Execution time comparison with ten clusters for KM-I2C

Figures 7 and 8 show execution times dedicated for varied numbers of clusters (15 clusters for KM-HMR and KM-I2C respectively). The execution time is a key facet of a successful clustering technique. The proposed KM-HMR and KM-I2C algorithms are better suited for clustering large datasets via MapReduce than the standard K-means clustering algorithm. Effects of the dimensionality of data on time taken were computed. To obtain more conclusive results from our comparisons, the number of processes used for sum computations was varied for each series of runs. To generate efficient results, the K-means dependency of the number of clusters was determined for different variations of cluster numbers.

Fig. 7
figure 7

Execution time comparison with 15 clusters for KM-HMR

Fig. 8
figure 8

Execution time comparison with 15 clusters for KM-I2C

Conclusions

Clustering is a challenging issue that is heavily shaped by data used and problems considered. The proposed algorithms show improvements in terms of execution time. Hadoop can compute map and reduce jobs in parallel to cluster large datasets effectively and efficiently. The main objective of this work was to accelerate and scaleup large datasets to obtain efficient high-quality clusters. The standard K-means method is the most popular clustering method due to its simplicity and reasonable execution efficiency when applied to small datasets.

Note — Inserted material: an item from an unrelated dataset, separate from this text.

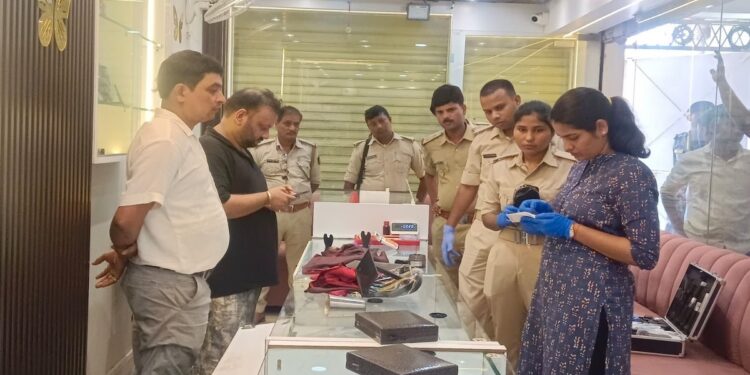 Armed Helmet-Clad Gang Loots Jewellery Worth Rs 35 Lakh In Broad Daylight Robbery In Rohtas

A clustering approach should however also maintain cluster efficiency levels when large datasets are involved by considering inter and intra-clustering distances between data objects in a dataset. We have introduced a KH-HMR algorithm to make use of parallelization tools through Hadoop and to obtain better execution times than those of the standard K-means approach. We have developed a novel KM-I2C algorithm by making modifications to the clustering distance metric. We, in turn, have developed an efficient and more effective method relative to other clustering techniques. Future work should enhance the performance of map and reduce jobs to suit large datasets. The performance of Hadoop can be enhanced by using multilevel queues for the efficient scheduling of jobs suitable for large datasets.